Thursday, August 18, 2011

Lightning Strikes!

I'm gonna go out on a limb here and say that every writer has had at least one Eureka moment - the epiphany that strikes out of nowhere and ultimately presents you with the kind of opportunity that makes you want to sing and cry at the same time. You know, the one that makes you wonder if this is why you became a writer in the first place - your higher calling, if you will.

I had that moment today. I won't go into it because, I mean, c'mon...I only just thought of it:) I've gotta let it simmer a bit. But if this works out the way I'm hoping it will, it'll be brilliant! Gorgeous! A symphony of a reading experience!
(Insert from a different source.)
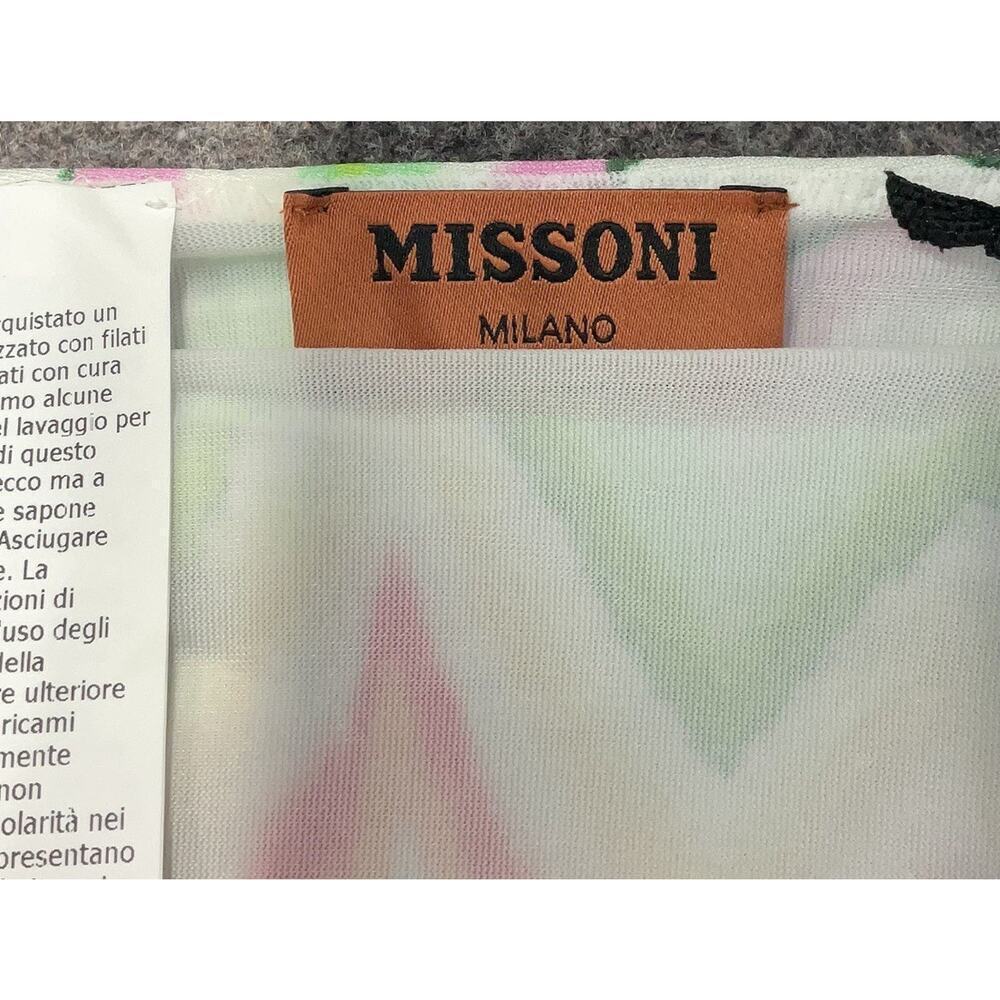 Missoni Bandeau Bikini Two Piece Bikini Set 44 L 8 Bathing Suit Swim NWT chevron - Picture 11 of 14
That is, if I can get it right...

Wish me luck:)

Thursday, June 9, 2011

I don't suck at blogging, just at getting to my blogging. (I think...)

Okay, so I'm back from lazy-land an unofficial hiatus from the blogosphere with updates on me and my writing self. FYI, this is where I pretend you care and you just roll your eyes and read on:)

So, what have I been up to aside from mothering the 5 4 hooligans and keeping up with the 9-to-5?

Well, for starters, I've shown my script to a producer/writer/director on his offer to give feedback to help with the rewrite! Awesome, right??

That was 2 months ago. I haven't heard back. But just so you know, I'm taking that as 'I'm simply too busy with actual film work to waste my time helping any aspirant bold enough to compete with me in this rat race'. It doesn't mean my script sucks. Because...y' doesn't suck. I think. Probably.


On the more productive side, I've been working on that script that I'm writing for a guy in New Jersey. Yeah, we have a contract. *Cue nail buffing on the shoulder...* :) Okay, it's a contract that I drew up myself and there's no money involved at the moment. And admittedly, I really only went into this project for the experience of it and not with any expectations of it being a huge success (though believe me, I'll be utterly ecstatic if anything does happen with it!). But I am really enjoying the writing of this script so much more than I expected I would. I mean, it is a great story (the details of which, unfortunately, I can't share), but it's such a different story from anything I ever would've written on my own. But I think the thing that has really surprised me about this script is how much my own creativity is kicking in. The script is based on a true story, and I started out thinking that I'd be writing a screenplay version of the events as they happened. Of course, that was before I realised that a lot of things needed to be fictionalised to actually make a script out of it.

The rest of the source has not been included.